Problem to work on: Your task is to return the listing below word for word, without any of its images.

Raw data:
################
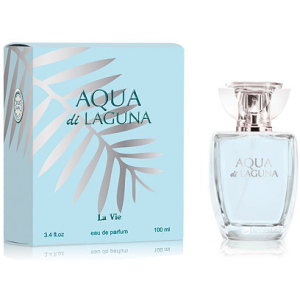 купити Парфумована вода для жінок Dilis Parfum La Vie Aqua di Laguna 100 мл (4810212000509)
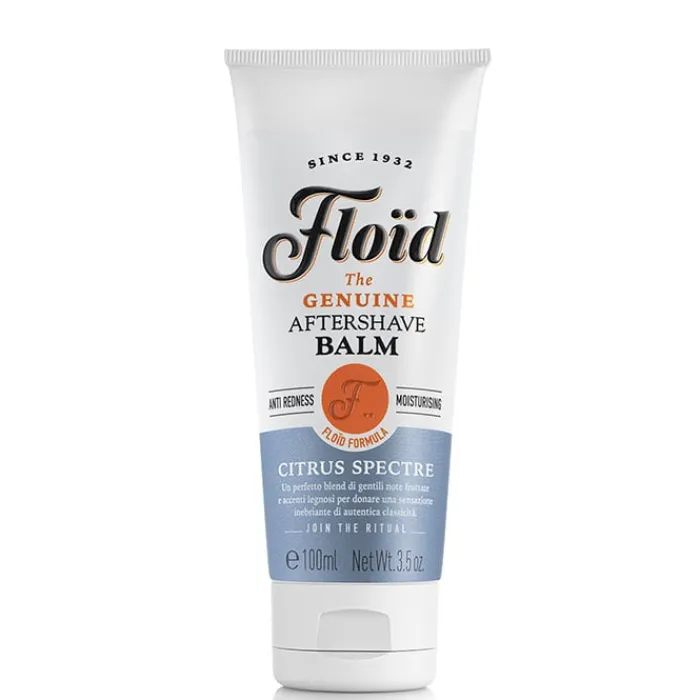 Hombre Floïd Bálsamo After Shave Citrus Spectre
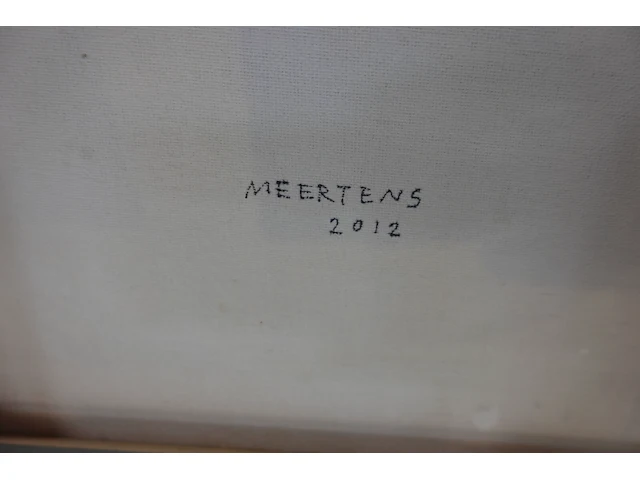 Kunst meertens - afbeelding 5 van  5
################
Solution:
 купити Парфумована вода для жінок Dilis Parfum La Vie Aqua di Laguna 100 мл (4810212000509)
 Hombre Floïd Bálsamo After Shave Citrus Spectre
 Kunst meertens - afbeelding 5 van  5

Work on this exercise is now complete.